I've verified it again using a distribution dowloaded from the apache spark website:

https://www.apache.org/dyn/closer.lua/spark/spark-3.0.1/spark-3.0.1-bin-hadoop2.7.tgz

This bug still can reproduce in local mode. The spark-sql should break after the first statement failed.

➜  spark-3.0.1-bin-hadoop2.7 cat 1.sql
select * from n;
select 2+2;
➜  spark-3.0.1-bin-hadoop2.7 bin/spark-sql -f 1.sql
20/11/12 11:35:28 WARN NativeCodeLoader: Unable to load native-hadoop library for your platform... using builtin-java classes where applicable
20/11/12 11:35:38 WARN HiveConf: HiveConf of name hive.stats.jdbc.timeout does not exist
20/11/12 11:35:38 WARN HiveConf: HiveConf of name hive.stats.retries.wait does not exist
20/11/12 11:35:46 WARN ObjectStore: Version information not found in metastore. hive.metastore.schema.verification is not enabled so recording the schema version 2.3.0
20/11/12 11:35:46 WARN ObjectStore: setMetaStoreSchemaVersion called but recording version is disabled: version = 2.3.0, comment = Set by MetaStore lichuanliang@10.104.16.36
Error in query: Table or view not found: n; line 1 pos 14;
'Project [*]
+- 'UnresolvedRelation [n]

4
Time taken: 4.39 seconds, Fetched 1 row(s)

With no statement fail:

➜  spark-3.0.1-bin-hadoop2.7 cat 2.sql
select 1+1;
select 2+2;

➜  spark-3.0.1-bin-hadoop2.7 bin/spark-sql -f 2.sql
20/11/12 11:45:56 WARN NativeCodeLoader: Unable to load native-hadoop library for your platform... using builtin-java classes where applicable
20/11/12 11:46:06 WARN HiveConf: HiveConf of name hive.stats.jdbc.timeout does not exist
20/11/12 11:46:06 WARN HiveConf: HiveConf of name hive.stats.retries.wait does not exist
20/11/12 11:46:14 WARN ObjectStore: Version information not found in metastore. hive.metastore.schema.verification is not enabled so recording the schema version 2.3.0
20/11/12 11:46:14 WARN ObjectStore: setMetaStoreSchemaVersion called but recording version is disabled: version = 2.3.0, comment = Set by MetaStore lichuanliang@10.104.16.36
2
Time taken: 5.167 seconds, Fetched 1 row(s)
4
Time taken: 0.151 seconds, Fetched 1 row(s)

dongjoon-hyun

Given @artiship 's and my results, it seems that this does not happen always.

For me, this doesn't happen on Mac (Big Sur) so far.

spark-3.0.1-bin-hadoop3.2:$ sw_vers
ProductName:	macOS
ProductVersion:	11.0.1

spark-3.0.1-bin-hadoop3.2:$ bin/spark-sql -f 1.sql
Error in query: Table or view not found: n; line 1 pos 14;
'Project [*]
+- 'UnresolvedRelation [n]

4
Time taken: 3.251 seconds, Fetched 1 row(s)

spark-3.0.1-bin-hadoop2.7:$ bin/spark-sql -f 1.sql
Error in query: Table or view not found: n; line 1 pos 14;
'Project [*]
+- 'UnresolvedRelation [n]

4
Time taken: 5.6 seconds, Fetched 1 row(s)

I'm looking at linux environment.

dongjoon-hyun · 2020-11-15T23:59:02Z

Ah, it seems that there is misunderstanding due to the PR description, @artiship .

In the PR description and your comment (#30263 (comment)), you mentioned that the output 2 is repeated twice.

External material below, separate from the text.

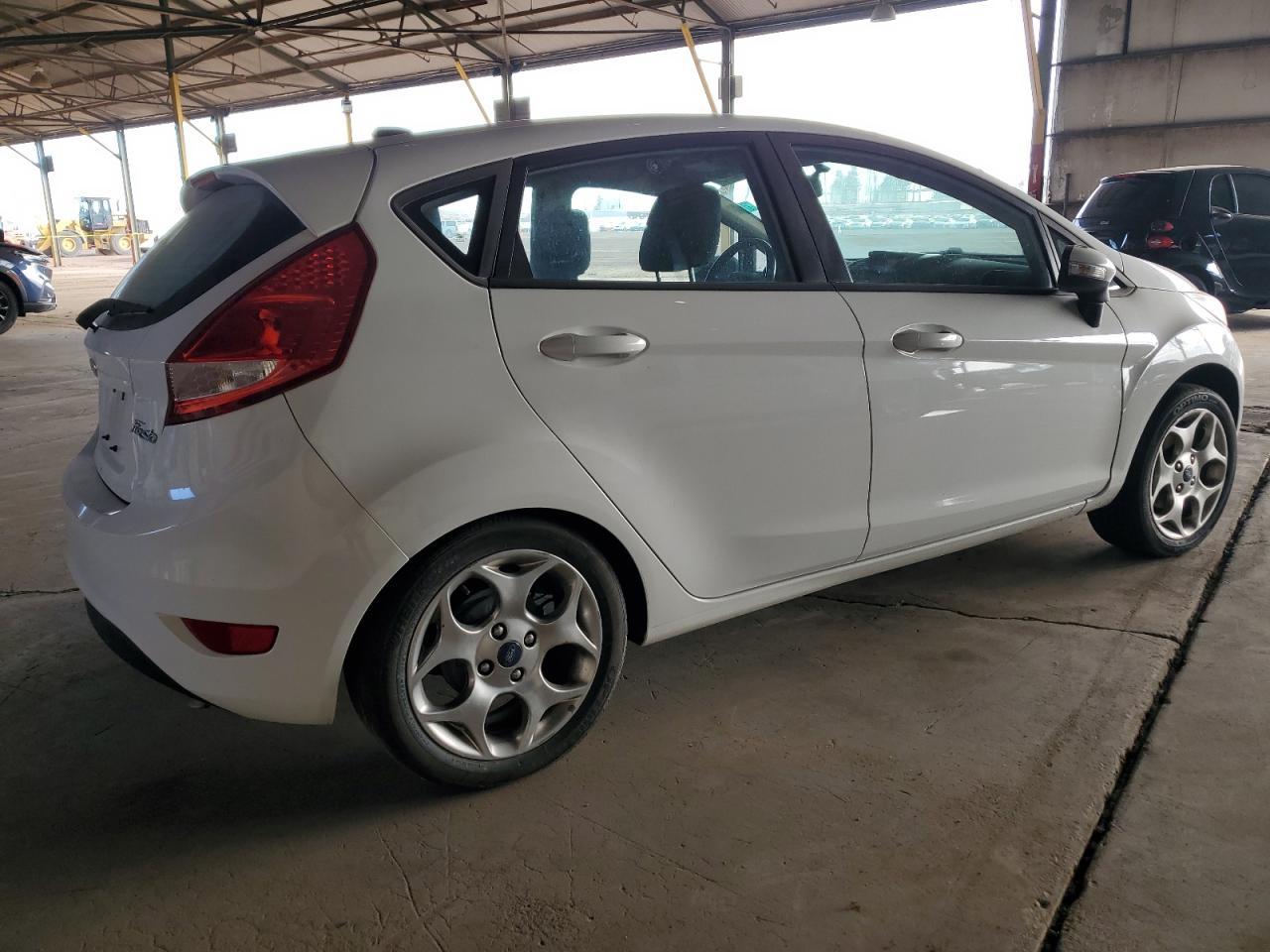 2012 FORD FIESTA SES - Image 3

Is that true?

dongjoon-hyun · 2020-11-16T00:38:21Z

sql/hive-thriftserver/src/test/scala/org/apache/spark/sql/hive/thriftserver/CliSuite.scala

@@ -571,4 +571,13 @@ class CliSuite extends SparkFunSuite with BeforeAndAfterAll with Logging {
    // the date formatter for `java.sql.LocalDate` must output negative years with sign.
    runCliWithin(1.minute)("SELECT MAKE_DATE(-44, 3, 15);" -> "-0044-03-15")
  }
+
+  test("SPARK-33358 CLI should break when have command failed") {


This test case seems to succeed without your patch.

dongjoon-hyun

@artiship and @HyukjinKwon . I verified this patch manually.
However, the test code is wrong because it always succeeds.
In addition, I realized that the current test framework runCliWithin has limitation to test this kind of this. So, I'll proceed to merge without the test case now. We can revise the test framework later.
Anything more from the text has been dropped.